(3)


 昼食を終えて教室に向かうと、扉を塞ぐように身を乗り出して、中を覗き込む男の姿が目に入った。



「そこ邪魔なんだけど」

「な、なんだよお前!?」


 慌てふためく男を見下ろすと、男は隣にいる彼女に視線を移した。



「おい! 何で返事しないんだよ! 毎日メッセージ送ってるのに!」


 男の怒号に、彼女は身を強ばらせ、俯いた。



「知り合いか?」

「前に、告白断った人……」


 今にも泣き出しそうな彼女にそっと尋ねると、彼女は声を震わせながらそう答えた。



「コソコソ話してないで、なんとか言えよ!」


 激昂した男が彼女の細い腕を掴むと、彼女はビクッと身を竦ませた。その様子を見て、沸々と怒りが湧いて来る。

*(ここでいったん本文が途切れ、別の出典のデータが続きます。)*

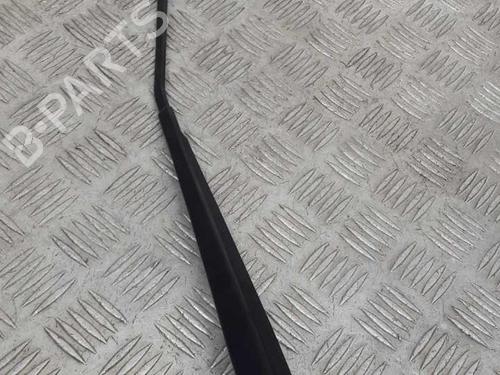 Used Front windshield wiper arm VW POLO (9N_, 9A_) 1.9 TDI (101 hp) 23735807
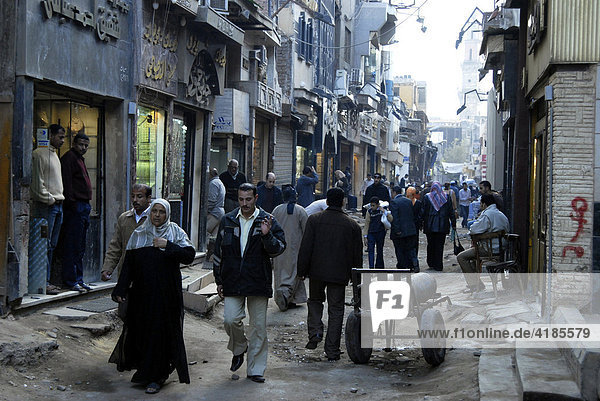 Kairo - Khan al-Khalili - Altes moslemisches Viertel mit Geschäften und Basaren.  Kairo  Ägypten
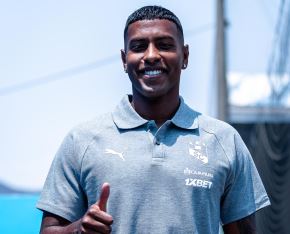 Miguel Araujo fue uno de los más aplaudidos por la hinchada celeste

 突然現れて、汚い声で唾を撒き散らしながら捲し立てて、なんなんだコイツは。お陰で、楽しいお昼休みが台無しだ。


 男にこんな風に怒鳴りつけられたら、怖いに決まっている。自分はこんなこと絶対にしない。どんな時でも決して声を荒らげないというのは、彼女と過ごす上で、ひっそりと決めていたことだった。



「これ以上ストーカー行為を続けるなら、警察に届ける」


 彼女の腕を掴む男の手を強引に引き剥がし、力を込めて握り締めた。


「はぁ!? ストーカーなんてしてないだろ!」


 男が鼻息を荒くしながら弁明する。本当に、何から何まで醜い。こんな奴にまで好意を持たれるなんて、モテるのも良いことばかりじゃないんだな、と痛感する。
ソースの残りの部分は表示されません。